Every spring, thousands of hikers begin their attempt to walk the whole trail in one trip. While those guys grunt and struggle through the high hills of Georgia, many thousands of other would-be hikers are thinking about doing a thru-hike – someday. I’m one of those guys. The trail captures my imagination year after year. I’ve even written “thru-hike the AT” in my list of life goals. Unfortunately, statistics say that only one in four of this year’s “thru-hikers” will make it all the way. Pretty tough odds! But what about those of us who are still just “thinking about” a thru-hike? Not one of us is going to finish something we’ve never started.

French author and aviator Antoine de Saint-Exupéry once said that “a goal without a plan is just a wish.” If we’re ever going to achieve our aim – whether it’s a college degree, a business of our own, or even just a long, long walk – we need to make a plan. Here’s what seems to work for me and the people I with whom I work.

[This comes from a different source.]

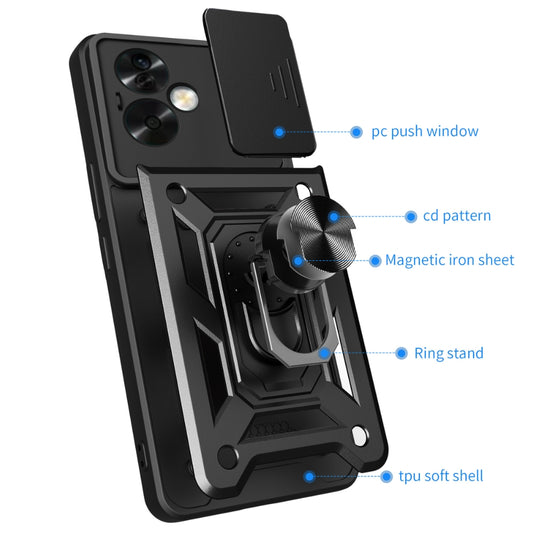 OPPO A5 Pro 4G/5G - Shockproof Armour Heavy Duty Phone Case with Ring Holder & Camera Protection - Polar Tech Australia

  • Set your goal, then learn all you can about ways to achieve it. Read. Talk to others who’ve already done what you want to do.
  • Once you’ve explored your options, make a choice. There are many ways to get from here to your destination. Choose one and chart your course. Put it in writing.
  • Get started. Take the first step.
  • As you move ahead, make course corrections as needed.

About that goal of mine to hike the AT…. Without a plan, it really is just a wish. Is that all it will ever be? This week I am going to get serious, explore my options, and make a decision. I’ll let you know what I decide.

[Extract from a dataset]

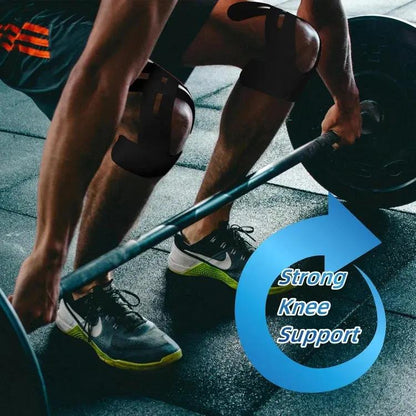 Kniebandage Tape – Vorgefertigtes Kinesiologie-Tape für aktive Gelenke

Questions from the Coach re: “best fit”

Have you ever felt “out of place” – like the proverbial square peg in a round hole? This can happen at work, in social situations, even at home. A large part of your personal and professional success depends on whether you (your personality, your gifts and your traits) are a good fit with the situation you’re in. Does your personal behavioral style complement the work you’re trying to do or does it contradict it? Here are some questions to ponder as you think about your best fit.

  • What kinds of situations energize you? Which ones drain you? For someone who is task-oriented – the Dominant (D) and Compliant (C) styles on the DISC – time spent in small talk feels like it’s wasted. A mental to-do list is forming in this person’s mind as they wade through the exchange of pleasantries. In contrast, relationship-oriented styles – Steady (S) and Influencing (I) – gain a sense of stability and camaraderie from chatting with coworkers, partners and friends.
  • What pace is most comfortable for you? For the S and C styles, it feels better to move slowly into new territory. For them, it’s important to spend time planning and thinking through the steps that need to be taken. In this way, they’re sure things are done correctly and everyone’s had an opportunity for input. For the D and I personality styles, a quicker pace is much preferred. They are motivated for results and action. For the Dominant style, the impetus is to get it done. Influencing styles are energized by a desire to get moving.

Think about the demands of your life and work situation. If you’re experiencing stress, does some of it come from misalignment between your activity and your preferred style? When I worked in a research laboratory, the environment was strictly task-oriented. Much needed to be accomplished, and there was little room for error. My personality craves at least some level of warmth, fun and relationship; thus, I was considered a bit too talkative and not quite serious enough. I wasn’t happy there. For my wife, a highly motivated and task-oriented person, a situation that stresses her out is shopping. She derives very little pleasure from the browsing and chatting aspect of a girls-day-out shopping trip. Give her a list and she’s in and out of the stores, ready to move on to the next thing. These preferences aren’t binding for either me or my wife – I’m very capable of detailed work under the pressure of a deadline, and she enjoys going out for coffee and conversation with friends. They’re preferences, not requirements. If, however, a person is continuously subjected to an atmosphere contrary to their preference, they’re eventually going to experience stress and feel out of place. If that’s where you are, it’s important to recognize it and make a change.